Calculate the incremental free cash flow for the well

Assignment Help Financial Management
Reference no: EM131815175

A typical oil well in the Bakken shale formation costs around $5 million to drill, and requires $500,000 in site preparation and engineering service costs prior to drilling. Assume that the revenues from the well are $1.2 million per year and operating costs are $200,000 per year. The $5 million capital cost of the well is depreciated using the straight-line method over a period of five years.

A) Calculate the incremental free cash flow for the well using the following additional assumptions:

• The corporate tax rate is 40%.

• The capital cost and engineering study costs are incurred in Year 0, and the well produces in years 1 through 5.

• In calculating net working capital, assume that accounts receivable are 10% of revenues in years 1 through 4 and 5% of revenues in year 5; and that accounts payable are 15% of costs in years 1 through 3, 10% of costs in year 4, and 30% of costs in year 5.

• Don’t forget that the engineering study costs yield a tax reduction benefit in year 0.

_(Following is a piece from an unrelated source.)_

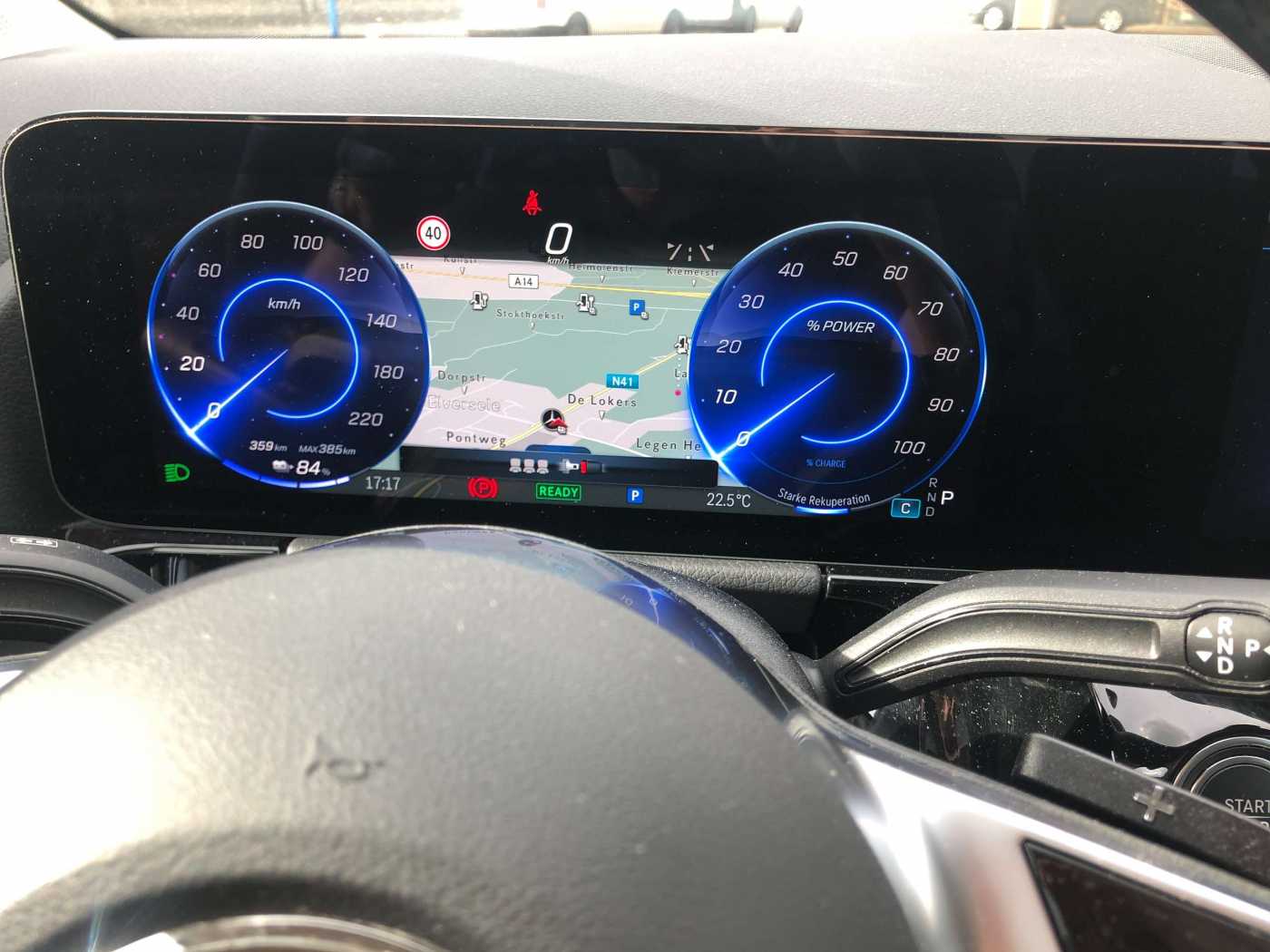 Mercedes-Benz EQA 300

B) Using the incremental free cash flows from part (A), calculate the NPV and IRR of the well, assuming at 15% annual discount rate.

Reference no: EM131815175

Questions Cloud

Offer two additional considerations in capital budgeting : Imagine the producers of this video ask you to appear in the video to offer two additional considerations in capital budgeting decisions.
Analyze how would the organization identify the cost drivers : Analyze how would the organization identify the cost drivers? How would the organization use them in the implementation of this system?
Discuss what standards were applied in conducing the audit : What standards were applied in conducing the audit. Was the audit a Single audit, How do you know
Identify factors that should influence the auditor judgment : When an auditor samples for attributes, identify the factors that should influence the auditor's judgment
Calculate the incremental free cash flow for the well : Calculate the incremental free cash flow for the well using the following additional assumptions:
Compute the dividend for the current year : Compute the dividend for the current year (D0). (Round intermediate calculations and final answer to 2 decimal places, e.g. 15.20.)
Discuss the benefits of nols should be recognized : What are your thoughts as to whether the benefits of NOL's should be recognized
Calculate the price-earnings ratio : What is Roxie's Bed & Breakfast's book value per share? Calculate the market-to-book ratio. Calculate the price-earnings ratio.
Repricing trigger that maximizes the initial value : Patriot Corp. compensates executives with 10-year European call options which is granted at-the-money. If there is a signi?cant drop in the share price

Reviews

Write a Review

Financial Management Questions & Answers

  Foreign company acquisition

Acquisition by a foreign company and the effects of that decision and the results of foreign exchange in Euro and the exchange rate differences.

  Financial management for profit and non profit organizations

In this essay, we are going to discuss the issues of financial management in a non-profit organisation.

  Method for estimating a venture''s value

Evaluate venture's present value, cash and surplus cash and basic venture capital.

  Replacement analysis

This document show the Replacement Analysis of modling machine. Is replacement give profit to company or not?

  Business finance task - capital budgeting

Your company is considering using the payback period for capital-budgeting. Discuss the advantages and disadvantages of this technique.

  Analysis of the investment

In this project, you will focus on one of these: the additional cost resulting from the purchase of an apple press (a piece of equipment required to manufacture apple juice).

  Conduct a what-if analysis

Review the readings and media for this unit, including the Anthony's Orchard case study media. Familiarise yourself with the Anthony's Orchard company and its current situation.

  Determine operational expenditures

Organisations' behaviour is guided by financial data. In the short term, such data will help determine operational expenditures; in the long term, historical data may help generate forecasts aimed at determining strategic plans. In both instances.

  Personal financial management

How much will you have left over each half year if you adopt the latter course of action?

  Sources of finance for expansion into new foreign markets

A quoted company is considering several long-term sources of finance for expansion into new foreign markets.

  Long term financial planning

This assignment is designed for analyze Long term financial planning begins with the sales forecast and the key input in the long term fincial planning.

  Explain the role of fincial manager

This assignment explain the role of fincial manager, function of manger. And what are the motives of financial manager.

Free Assignment Quote

Assured A++ Grade

Get guaranteed satisfaction & time on delivery in every assignment order you paid with us! We ensure premium quality solution document along with free turntin report!